И все же Нидэма будут помнить не за его страстное стремление к светлому будущему для всего человечества, не за его органический марксизм, вдохновляемый биологией, а за его выдающиеся достижения в исследовании и реконструкции прошлого. Вместе с тем он все равно остается забытым мыслителем, если не считать учебников по эволюционной биологии. И «Бомба, книга и компас» Саймона Уинчестера отнюдь не воздает ему должного. Нидэм по-прежнему ждет биографа, который глубже поймет этого замечательного человека и сформировавшие его эпоху и контекст.

Глава 16Интеллектуалы: роли, функции и парадокс

Могла ли социальная функция интеллектуалов – то есть по сути сами интеллектуалы – существовать прежде изобретения письма? Вряд ли. Социальные функции находились во все времена для шаманов, жрецов, магов и прочих служителей ритуалов, можно предполагать, что они находились и для тех, кого мы сегодня причисляем к художникам. Но откуда бы взяться интеллектуалам до изобретения систем письма и счисления, которые необходимы для манипуляций, постижения, интерпретаций, обучения и хранения? Однако стоило этим современным средствам коммуникации, счета и, главное, памяти появиться, как незначительное меньшинство, владевшее этими навыками, заполучило столько власти в обществе, сколько интеллектуалам, вероятно, не доставалось с тех пор ни разу. Владеющие искусством письма могли, как в первых аграрных экономиках Месопотамии, становиться «духовенством», жреческим правящим сословием.
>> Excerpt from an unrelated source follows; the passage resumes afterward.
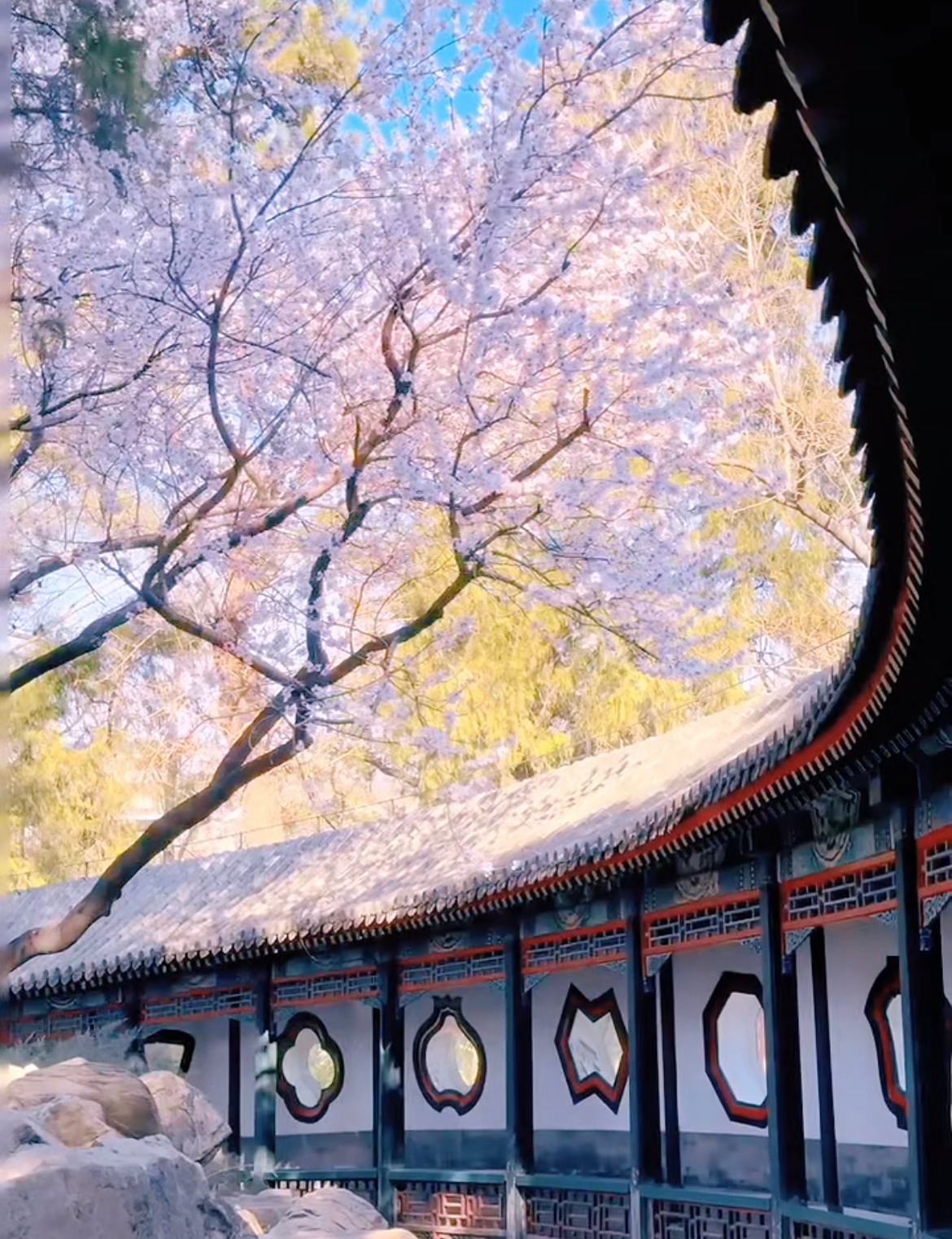 颐和园西堤桃花开好了没有沙尘暴的春季限定北京已经美到nextlevel了，这也太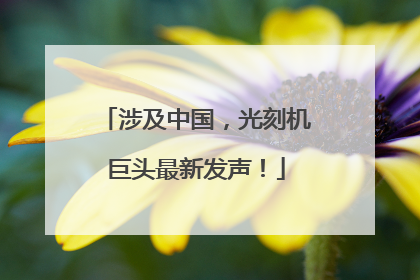 涉及中国，光刻机巨头最新发声！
Вплоть до XIX–XX веков монополия на грамотность в мире, где существовала письменность, равно как и монополия на образование, необходимое для владения этим искусством, подразумевали монополию на власть, защищенную от конкурентов знанием особых, ритуально или культурно престижных письменных языков.

С другой стороны, перо всегда уступало мечу. Воины могли завоевать писцов, но без последних не было бы ни государств, ни крупных экономик, ни даже великих исторических империй древнего мира. Образованные люди обеспечивали идеологии для скрепления империй и кадры для управления ими. В Китае они превратили монголов-завоевателей в императорские династии, в то время как империи Чингисхана и Тамерлана, не имея их, вскоре рассыпались. Первые архитекторы образовательной монополии были тем, что Антонио Грамши назвал «„органическими интеллектуалами“ всех главных систем политического доминирования».